# 2 Hours at Melbourne, FL - 2/1/14



## slotcar58 (Jun 21, 2007)

Central Florida HO Racers and THERACEWAY.BIZ Presents:

2 Hours at Melbourne - Bruce Beaulieu Memorial Race

February 1, 2014

IROC Race Using Stock Storm Extremes with Lexan Bodies

Location: theraceway.biz, 1220 Sarno Rd., Melbourne, FL 32935

Doors open 9:00 am &#150; Practice with your cars. IROC cars for qualifying and the race only.

Qualifying at 11:00 am

Race to Follow

Top four qualifiers will be Team Captains and pick their teams round robin.

Medals will be provided for members of 1st, 2nd, 3rd Place Teams.

16 segments at 6 minutes each &#150; 1.5 Minutes between lanes.

One member of each team must marshal at all times during the race.

Entry fee: $10.00 includes pizza.

All HO, 1/24, and 1/32 racers are Welcome!

Out of State Participants are also Welcome!

CFHOR is providing the cars, Harden Creek Slots provided the tires and hubs, and Gumball HO racing provided the painted bodies and the race prep for the cars.

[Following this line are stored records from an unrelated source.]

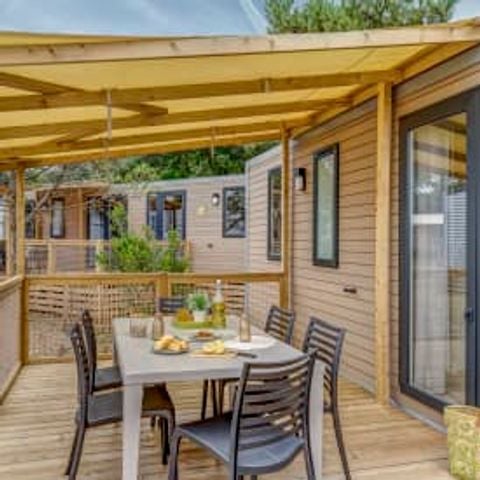 Stacaravan 6 personen - Huisje 6p 3ch 2SdB ****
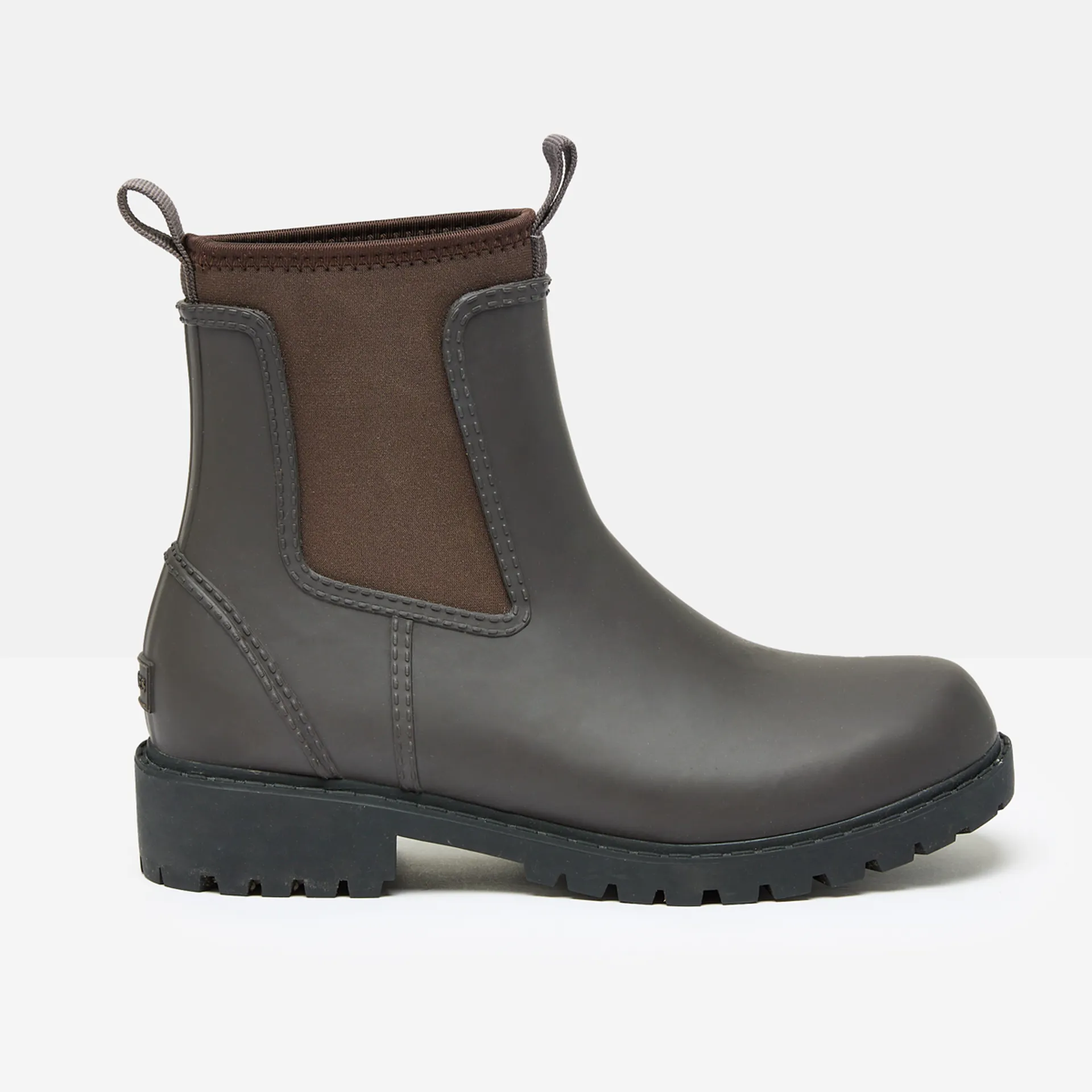 Joules Ladies Oakfield Short Neoprene-Lined Wellies - Chocolate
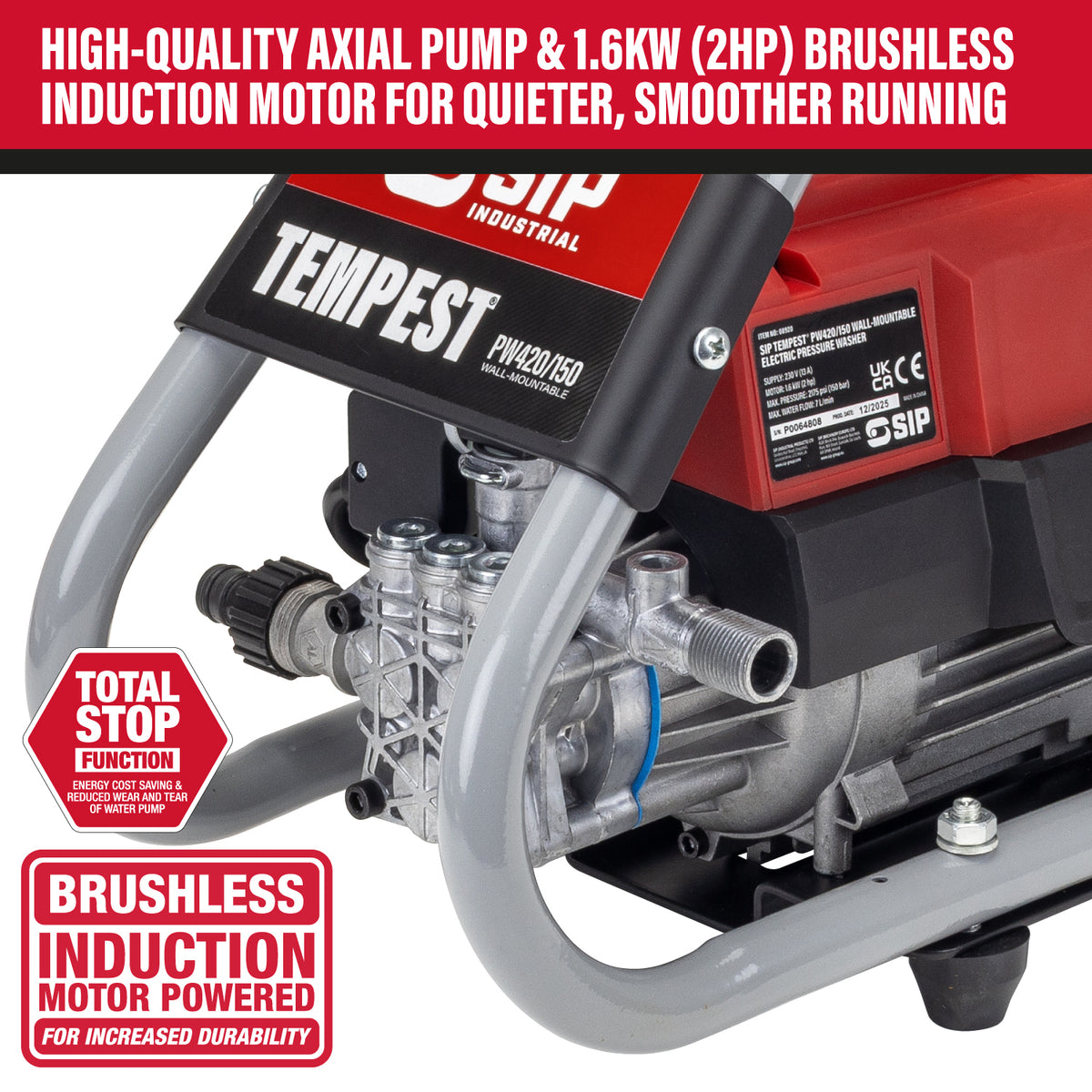 SIP TEMPEST® PW420/150 Wall-Mountable Electric Pressure Washer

Contact Leo Belleville at 407-498-0297 or [email protected] for additional information.


----------



## slotcar58 (Jun 21, 2007)

*The cars for the race!*

It should be a great race. Last year's race was won by 3 feet in 2 hours!


----------



## slotcar58 (Jun 21, 2007)

This race was formally the 2 hrs of Melbourne enduro , this season the CFHOR club members voted to change it to the 2 Hours of Melbourne/ Bruce Beaulieu memorial enduro 
, after the passing of this great racer, talented painter and great friend in 2012 .

A great turnout of 16 racers from all over Florida signed in to remember Bruce , and to do battle in his honor in an enduro race. 

Danny Mayer was the top qualifier.

1st. Place Team Mayer -1335 laps
Danny Mayer
Colten Glass
Count Gibson
Leo Belleville

2nd qualifier Russ Seidler

2nd. Place Team Seidler-1326 laps
Russ Seidler
Adam Glass
Ken Stuteville
Ed Delfin

3rd qualifier Craig Reynolds 1309 laps

3rd. Place Team Reynolds
Craig Reynolds
Marcus Bielski
Steve Bowman
Zack Glass

4th qualifier Terry Flynn

4th. Place Team Flynn-1274 laps
Terry Flynn
Steve Allent
Dennis Bielski
Jimmie Parris

Thanks to Bill Pinch for hosting the race at his first class racing facility ( theraceplace.biz and thanks to all the racers and friends who attended, hope to see all of you next year.

Race report by, Jimmie Parris


----------